───── Task material
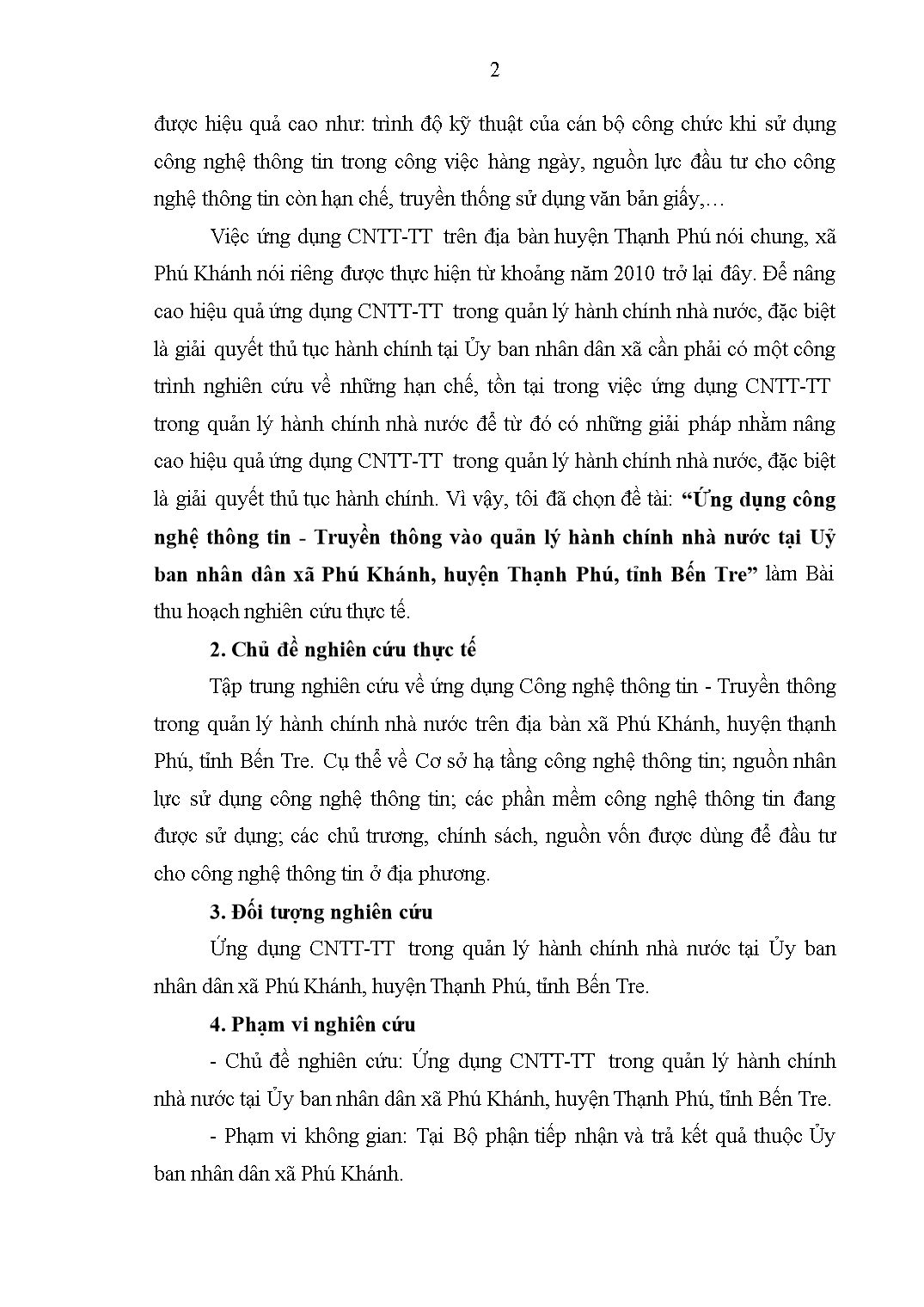 Đề tài Ứng dụng công nghệ thông tin - Truyền thông vào quản lý hành chính nhà nước tại Uỷ ban nhân dân xã Phú Khánh, huyện Thạnh Phú, tỉnh Bến Tre trang 2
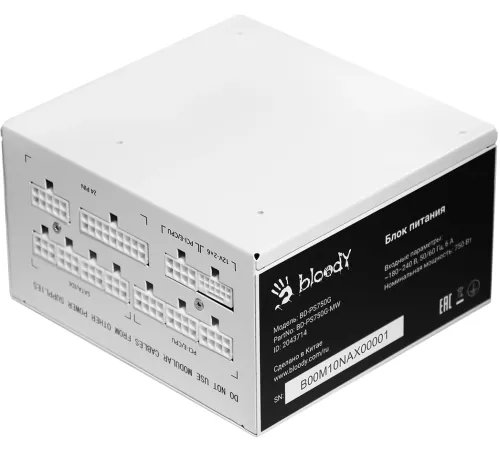 Блок питания, Bloody, BD-PS750G, 750Вт, 80 PLUS Gold, 120мм, белый Блок питания, Bloody, BD-PS750G, 750Вт, 80 PLUS Gold, 120мм, белый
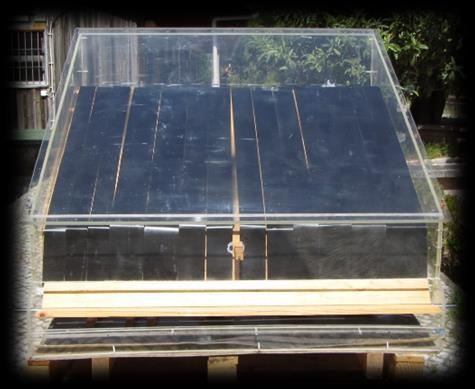 O secador solar (Figura 3.4) permitiu secar a biomassa algal com 85% de humidade em cerca de 4 a 5 horas.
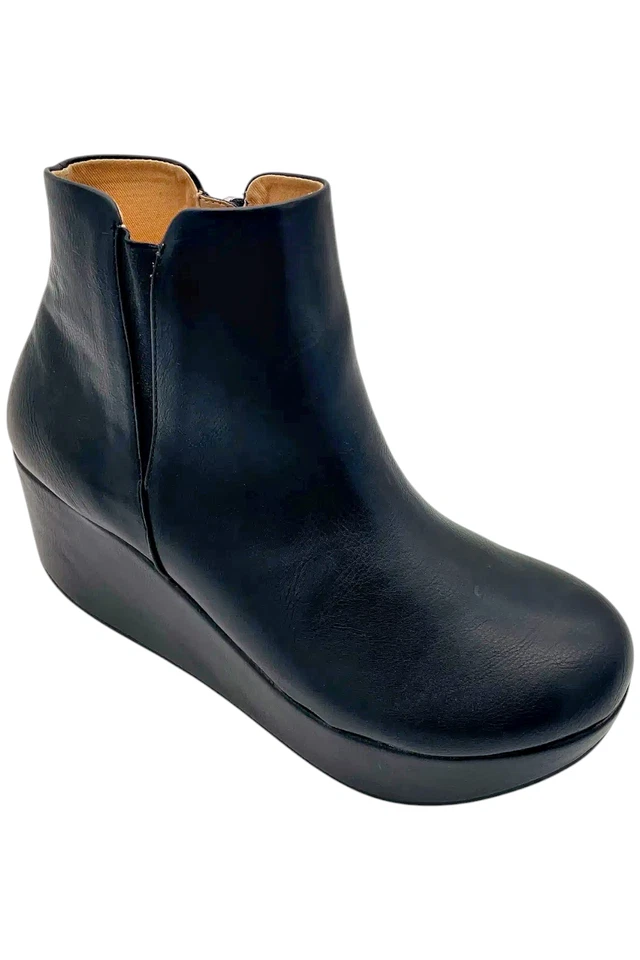 Bota anabela feminina Baylee caixa amarela preta - Imagem 1 de 3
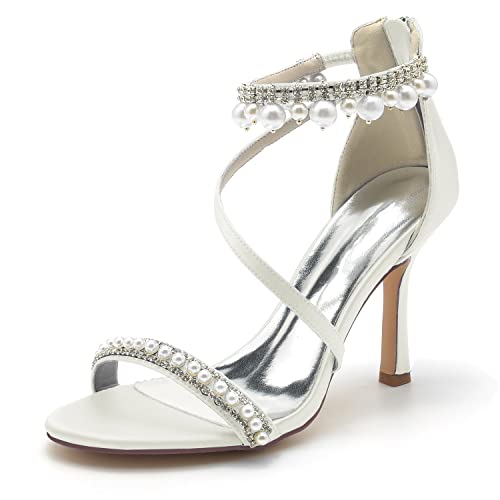Women's Bridal Shoes Open Toe High Heel Ankle Strap Dress Shoes Casual Formal Wedding Party Pumps Sandals with Pearl Ivory US7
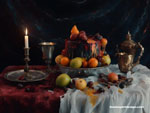 Gothic Elegance: Fruits and Candlelight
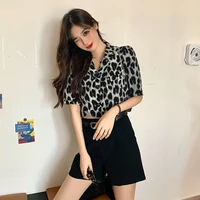 summer leopard blouse chiffon women tops short outerwear small camisole blouse ladies top single breasted korean style shirts
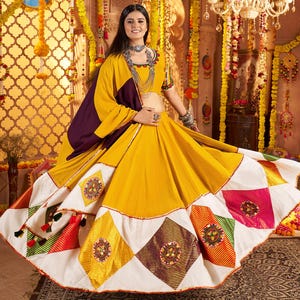 Navratri Special Yellow Viscose Cotton Kutchi Work Fully Stitched Lehenga Choli For USA Women, Garba Outfit For UK Girl, Dandiya Night Dress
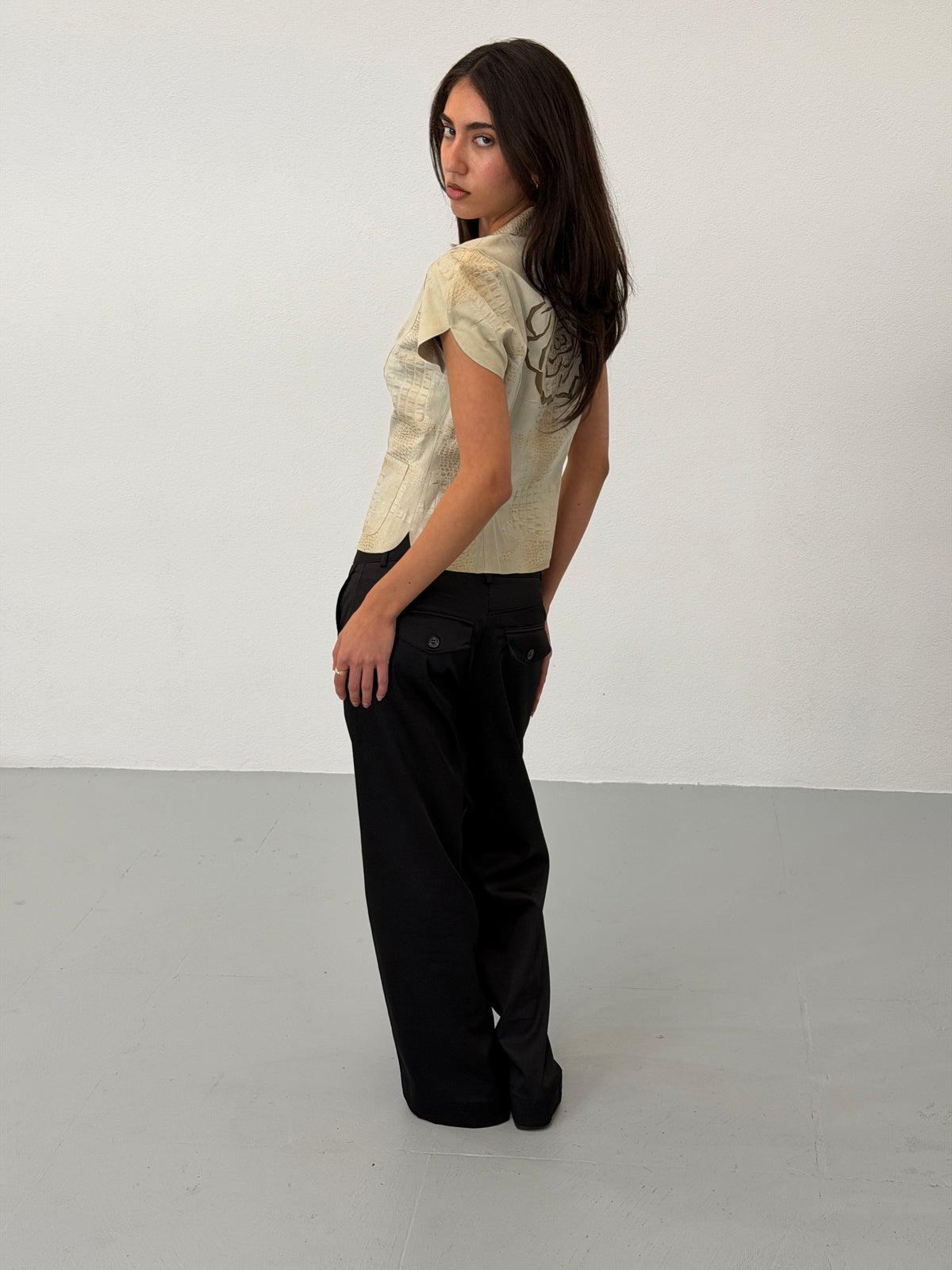 giorgio armani 1990s cream leather top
──────────
What you need to do =>
The required output is the lines from the one containing "O secador solar" through the end of the data, printed exactly, with no pictures.

Output for this task =>
 O secador solar (Figura 3.4) permitiu secar a biomassa algal com 85% de humidade em cerca de 4 a 5 horas.
 Bota anabela feminina Baylee caixa amarela preta - Imagem 1 de 3
Women's Bridal Shoes Open Toe High Heel Ankle Strap Dress Shoes Casual Formal Wedding Party Pumps Sandals with Pearl Ivory US7
 Gothic Elegance: Fruits and Candlelight
 summer leopard blouse chiffon women tops short outerwear small camisole blouse ladies top single breasted korean style shirts
 Navratri Special Yellow Viscose Cotton Kutchi Work Fully Stitched Lehenga Choli For USA Women, Garba Outfit For UK Girl, Dandiya Night Dress
 giorgio armani 1990s cream leather top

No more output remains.